Up to and including the line holding "Edward VII, Bronze, 1/12", write out the data exactly from its first line, but not the pictures.
• • • •
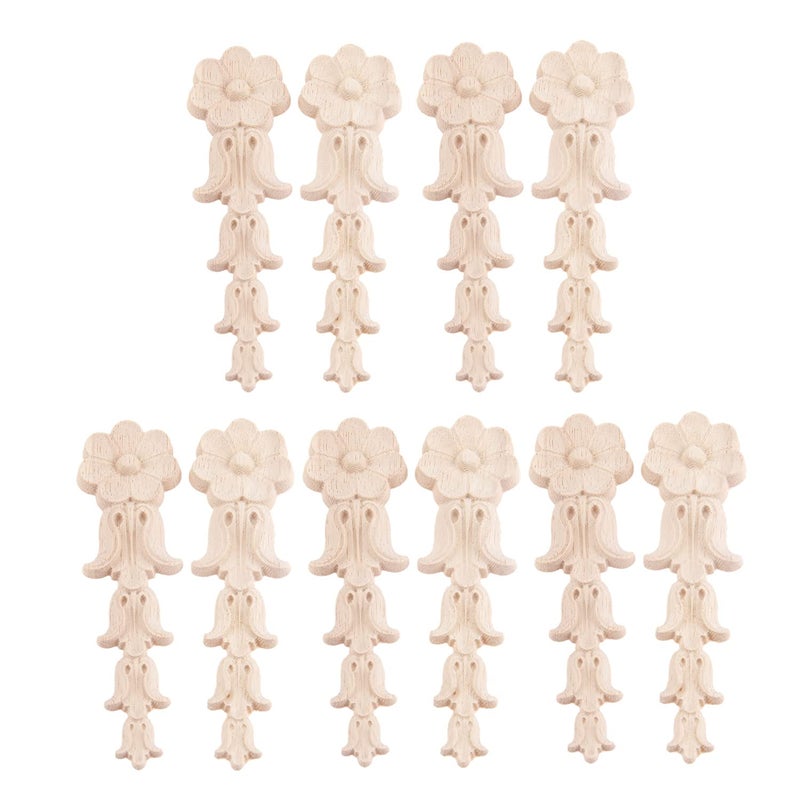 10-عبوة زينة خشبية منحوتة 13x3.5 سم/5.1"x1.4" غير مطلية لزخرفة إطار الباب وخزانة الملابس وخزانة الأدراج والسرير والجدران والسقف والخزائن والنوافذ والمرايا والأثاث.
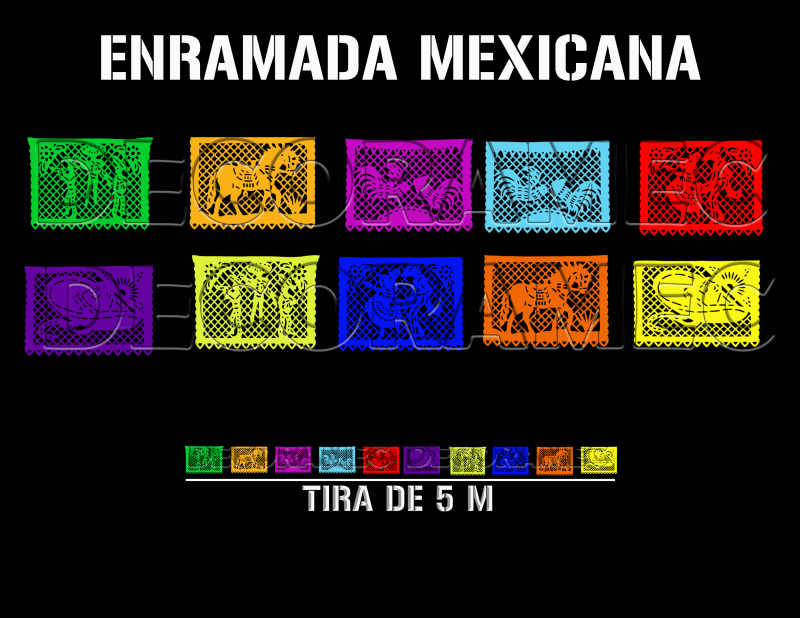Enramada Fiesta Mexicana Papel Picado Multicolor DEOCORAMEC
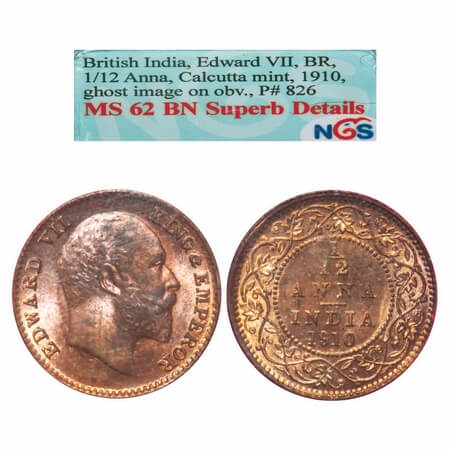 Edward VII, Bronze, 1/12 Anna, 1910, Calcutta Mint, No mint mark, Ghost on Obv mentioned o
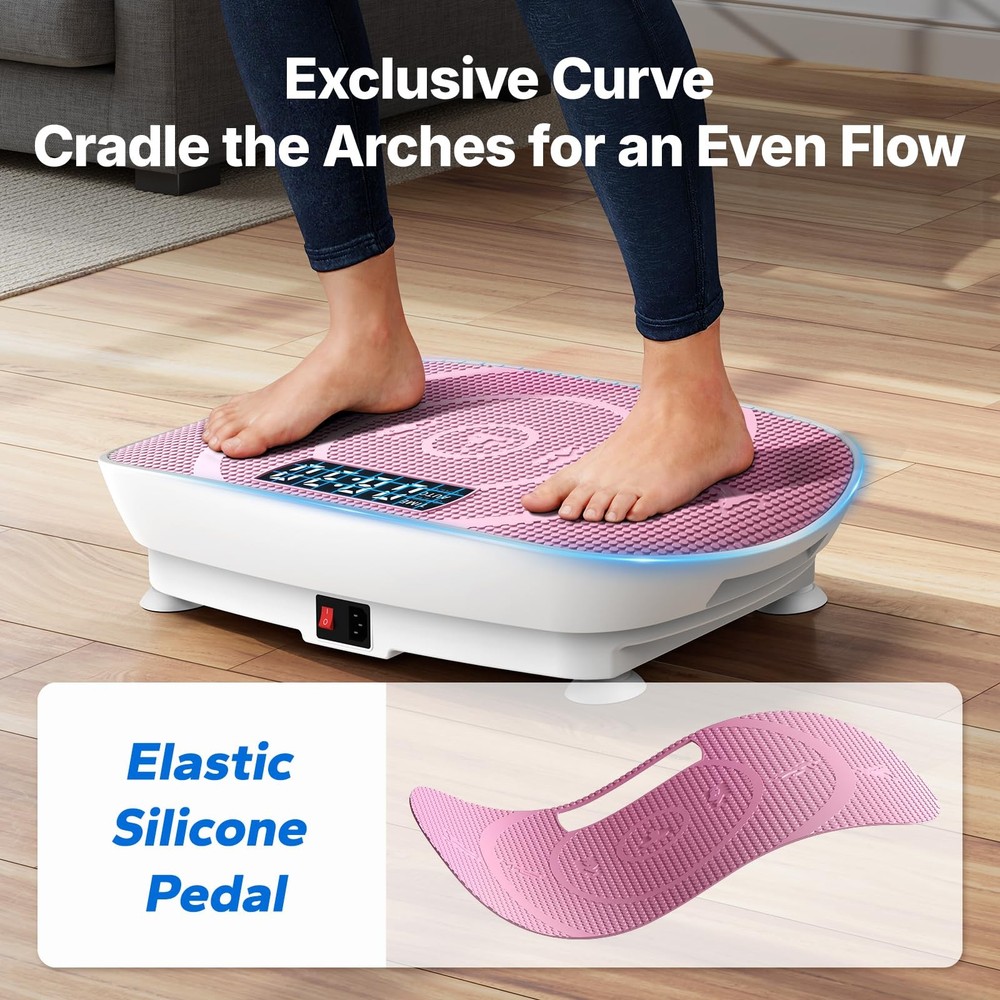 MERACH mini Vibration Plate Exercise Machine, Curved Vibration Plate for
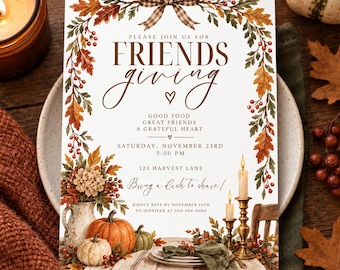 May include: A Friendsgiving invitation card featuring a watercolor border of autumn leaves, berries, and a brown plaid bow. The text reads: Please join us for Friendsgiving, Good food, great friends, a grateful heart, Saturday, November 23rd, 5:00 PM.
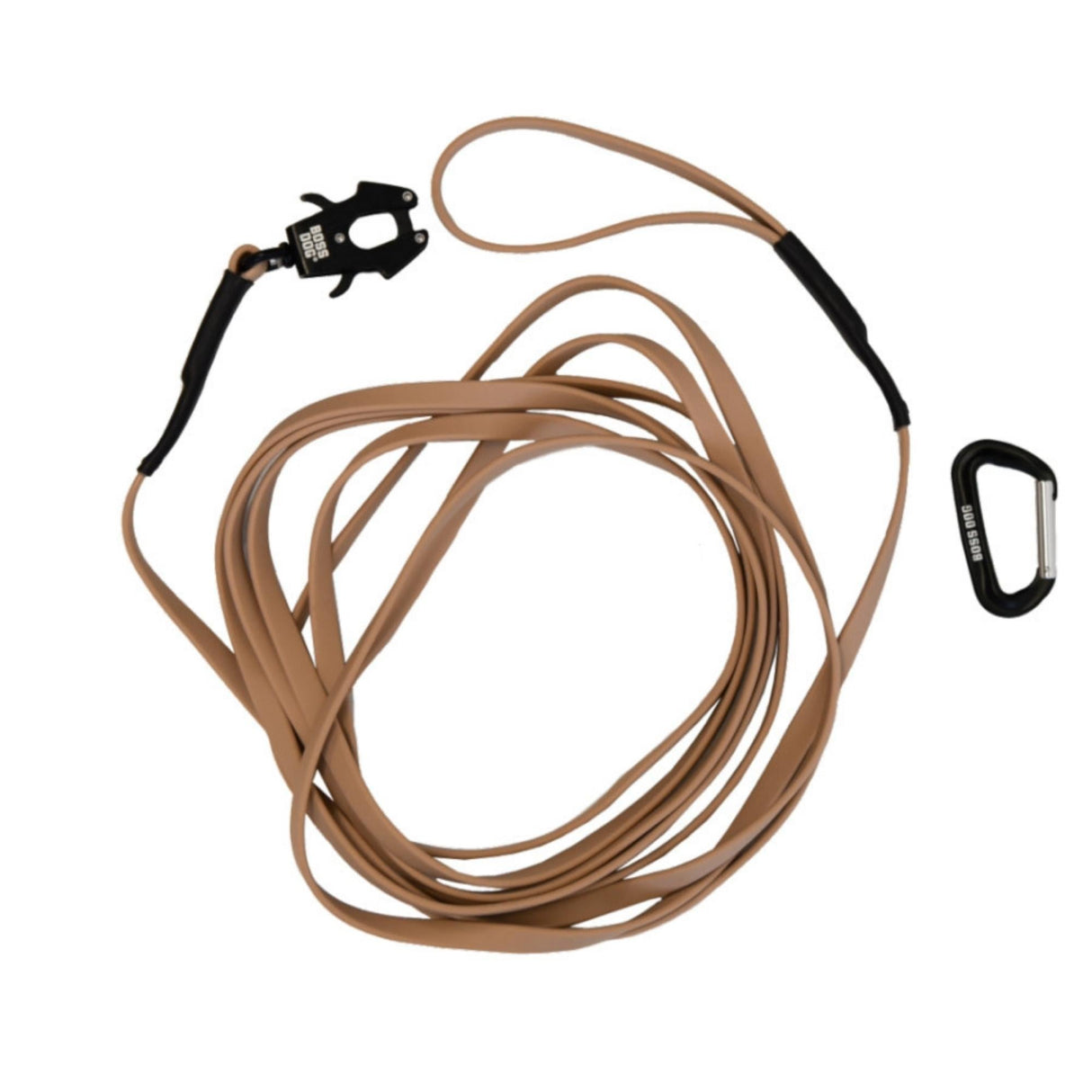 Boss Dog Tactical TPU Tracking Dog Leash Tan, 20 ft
• • • •
* **Response**
 10-عبوة زينة خشبية منحوتة 13x3.5 سم/5.1"x1.4" غير مطلية لزخرفة إطار الباب وخزانة الملابس وخزانة الأدراج والسرير والجدران والسقف والخزائن والنوافذ والمرايا والأثاث.
Enramada Fiesta Mexicana Papel Picado Multicolor DEOCORAMEC
 Edward VII, Bronze, 1/12 Anna, 1910, Calcutta Mint, No mint mark, Ghost on Obv mentioned o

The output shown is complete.